Reruns of the show currently air on Mystery TV in Canada.

In Portugal, the series also airs on Fox Life (first-run) and TVI, but the latter airs the series at prohibitive time slots (around 1 a.m.), causing major criticism. The series is also airs on America Plus which is a part of Orbit Network.

In Hungary, the show aired on June 30, 2008, on RTL Klub.

As of September 5, 2008, WMC also started airing on the Belgian TV channel vtm. The channel officially announced that the show would "strengthen" their Friday Night programming on August 31.

In Latin America, the series is airing on the Fox channel.

In The Netherlands, the show airs on Net 5.

In the Philippines, the series is airing on C/S 9.

The Spanish Fox network also started airing in the beginning of September 2008 under the Spanish name "El Club Contra el Crimen".

The show also airs in South Africa on MNET Series. It premiered on September 11, 2008.

In Russia, the show aired on December 17, 2008, on TV-3.

It has also been aired internationally to the U.S. Military on the American Forces Network (AFN) in 2008.

In Slovakia, the show began airing on January 7, 2009, on TV JOJ.

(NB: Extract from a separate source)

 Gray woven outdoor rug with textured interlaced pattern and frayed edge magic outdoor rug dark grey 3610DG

In France, the first four episodes were aired on March 7, 2009, on M6.

In Singapore, the show aired on November 11, 2009, on MediaCorp Channel 5.

In Italy, the show is airing on La5, but before on Canale 5 in July 2010.

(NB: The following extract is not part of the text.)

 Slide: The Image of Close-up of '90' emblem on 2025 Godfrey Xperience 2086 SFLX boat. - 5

In Germany, the show airs on VOX.

==Novels==
The following James Patterson Women's Murder Club novels have been released:
- 1st to Die
- 2nd Chance
- 3rd Degree
- 4th of July
- 5th Horseman
- 6th Target
- 7th Heaven
- 8th Confession
- 9th Judgement
- 10th Anniversary
- 11th Hour
- 12th of Never
- Unlucky 13
- 14th Deadly Sin
- 15th Affair
- 16th Seduction
- 17th Suspect
- 18th Abduction
- 19th Christmas
- 20th Victim
- 21st Birthday
- 22 Seconds
• 23rd Midnight
• 24th Hour

==Video games==
The show generated a series of spin-off games on the PC, Mac and Nintendo DS. For the PC and Mac, four hidden objects games were released: Death in Scarlet (2008), Darker Shade of Grey (2009), Twice in a Blue Moon (2009) and Little Black Lies (2010). Women's Murder Club: Games of Passion was released in 2009.